Doing it without the library structs and functions produces much more readable code, quicker development, higher level of understanding and more robust implementations, compared to library code copypasting from Stackoverflow; this has nothing to do with the concept of using libraries in general, but everything to do with the STM32 libraries, which, unfortunately, are totally unusable and completely doomed. This is a trap for young players, who will find a lot of confusing examples on the web, while it's difficult to find simple examples that don't use the libraries.
You could easily as well argue the other way around.
CubeMX icw SW4STM32 works, it is definitely not great, as you say a lot of layers but it works and there is a forum with thousand people giving you support and as last resort a company that has people added to the forum to add support.
Compare that to your own bare metal implementation or that from anyone else, there is no support, it might work but easily as well fail at some time if the youngplayer wants to do something else, eg add a peripheral.

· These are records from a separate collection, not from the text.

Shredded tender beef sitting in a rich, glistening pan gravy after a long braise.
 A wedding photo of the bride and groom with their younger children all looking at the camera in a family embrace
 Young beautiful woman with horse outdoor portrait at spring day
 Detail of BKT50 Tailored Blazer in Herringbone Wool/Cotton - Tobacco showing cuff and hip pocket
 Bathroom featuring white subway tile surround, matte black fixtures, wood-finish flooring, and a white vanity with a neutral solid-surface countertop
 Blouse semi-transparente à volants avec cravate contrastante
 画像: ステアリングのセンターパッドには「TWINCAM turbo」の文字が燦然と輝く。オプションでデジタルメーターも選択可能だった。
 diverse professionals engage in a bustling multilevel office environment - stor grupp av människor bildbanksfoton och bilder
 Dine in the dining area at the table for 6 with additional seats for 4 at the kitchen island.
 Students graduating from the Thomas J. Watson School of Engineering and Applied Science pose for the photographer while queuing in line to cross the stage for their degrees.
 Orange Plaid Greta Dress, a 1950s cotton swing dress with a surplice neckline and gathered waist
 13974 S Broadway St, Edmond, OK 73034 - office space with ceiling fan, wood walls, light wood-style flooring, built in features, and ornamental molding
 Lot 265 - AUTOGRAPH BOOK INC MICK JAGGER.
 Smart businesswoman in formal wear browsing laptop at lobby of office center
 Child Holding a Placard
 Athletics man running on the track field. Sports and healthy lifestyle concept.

The 3rd baremetal engineer has its own way of thinking and working so created that code with his mind which is perfectly ok for him/her but another person needs to grasp that way of thinking, invest in understanding the code. Often there is no or minmimal documentation, minimal comments in the code, no support , that considered it is equally bad in my eyes.
Now I have started with CubeMX and SW4STM32 with a modern nucleo board with a decent processor (STM32L4xx or STM32F4xx are good for starters, don't use the F1 since it is old and has lots of quircks) and had it up and running in one day with a blinky. Another 1 hour for a UART that did not do what I wanted
So there I encountered my first issue, it only had interrupt functionality to receive a fixed number of bytes. Calling the function with 1 byte half the data was lost. So looking at those huge functions with extra code around it to make it pretty robust I hacked and slashed it back so the IRQ function would not call 3 layer deep other stuff but in case there was no error it stored the byte in my own queue module and be done with it. So total 1 day and I had a uart working, not bad.
A youngster might need a week or more with help from the forum to get things going but way better than starting from scratch.
Then another argument: code size, I know MX consumes code as we drink water but my project above took 12kB , I still have 988kB left, so what is the problem? For mass production yeah don't go that way, for hobbieist, amateurs One of a kind projects, come one , unless you are a student or unemployed your time costs more than the ROM on the chip.
IMO the CubeMX can be used as a start to get things going: I/O properly defined, clocks and peripherals defined and working. Then the hard stuff starts to tweak and adjust it to your own personal needs.
For youngplayers, stick to the HAL because then you have support.